How to Calculate ROAS for Marketing Performance
Return on Investment (ROI) is when business planning, but for marketers, learning how to calculate ROAS for marketing performance will play a more critical role. This is especially true for marketers in the digital advertising space.
Definition: Return on Ad Spend (ROAS)
Return on Ad Spend (ROAS) is how marketers, brands, and others in the advertising space measure the overall impact of advertising with regard to sales impact. ROAS measures all sales outcomes which can be attributed back to the advertising spend directly, compared to total ad spend. Generally speaking, a higher ROAS is better, but the definition of good/bad will vary based on brand/product/industry.
ROAS Calculator
Formula to Calculate ROAS
To calculate ROAS, sum all sales which can be directly attributed to media. These are dollars that can be measured directly or indirectly to know they are in some way associated with the given advertising dollars. For example, a UTM Parameter might be associated to the click of the purchase. (Call this Attributed Sales.)
Next, sum all ad spend for the particular campaign, ad placement, or whatever spend it is being measured. (Call this Ad Spend.)
Finally, divide Attributed Sales by Ad Spend. The final result is the Return on Ad Spend (ROAS). It can be represented as a percentage, but most often, it will be represented as a dollar figure.
ROAS Formula and Example
ROAS = Attributed Sales / Ad Spend
Example:
$5.00 ROAS = $5.00 Attributed Sales / $1.00 Ad Spend
In the above example, the advertiser has spent $1 in advertising for the measured advertising efforts, and $5 worth of sales were able to be attributed back to the Ad Spend. In other words, for every one dollar spent, the advertising would expect to earn $5 back.
Why is ROAS Important?
ROAS is important because unlike ROI, it’s only measuring the impact of advertising spend. Marketers spend time, money, and resources in many areas. All of these contribute to the ROI of a marketing team. Measuring ROAS specifically allows marketers to understand if specific campaigns or advertising efforts are returning results without regard to other costs.
While understanding ROI more holistically can be important for a marketing team, when determining where to put the next dollar, it’s often helpful to remove factors which cause uncertainty and focus on just the most measurable, direct-impact components of advertising. ROAS allows marketers to do just that.

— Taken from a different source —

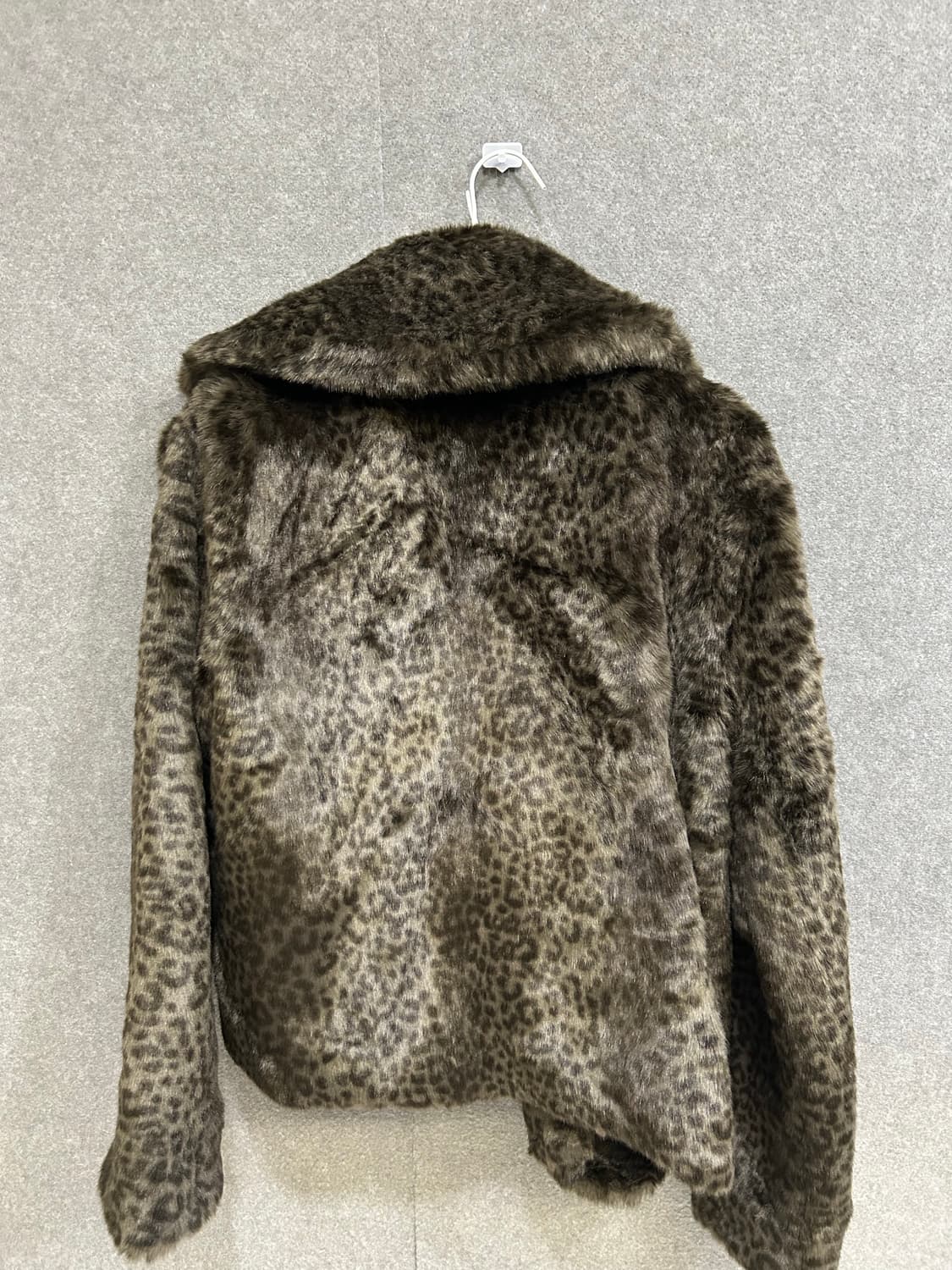 아베크롬비 레오파드 퍼자켓 정가 35만원 상품이미지2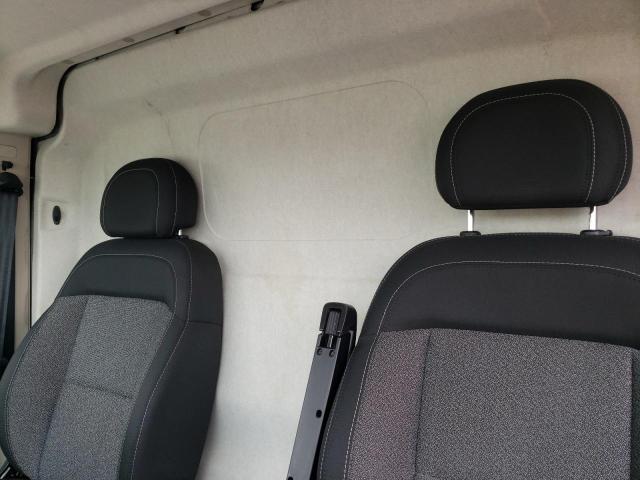 3C6TRVDG2JE153552 - 2018 RAM PROMASTER 2500 HIGH 白色 照片 10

Does ROAS Make Sense to Measure for All Campaigns?
The answer: it depends. A good marketer should always be seeking to measure their performance using the appropriate key performance indicators (KPIs). ROAS indicating sales performance, one might think it’s an obvious KPI for every campaign. Not always so.
Realistically, the end goal for marketing is to drive conversions (typically tied to sales). Therefore, it usually makes sense to track the metric, but that does not mean it makes sense to use ROAS as a KPI.
An example of this may be a top-of-funnel awareness campaign. Imagine a new brand launches a campaign to grow their brand recognition. The goal is to have more people who know the brand. The intention is typically for awareness campaigns to fuel lower-funnel sales campaigns, but many of the people just learning of the brand are not yet likely to convert.
The goal of marketing is to reach customers before they need what is being sold. This way, when they’re ready to make a purchase, the brand has reduced friction to winning the sale.
Therefore, while a marketer should be thrilled when a campaign drives immediate sales outcomes, the KPI for an awareness campaign should more realistically be something like brand recall or engagement rate.
Calculate ROAS for Campaign Optimization
Marketing ROAS can and should be used to understand campaign performance, but it’s most helpful for sales campaigns. When used as a KPI, ROAS can be a strong indicator of which channels are driving sales most efficiently.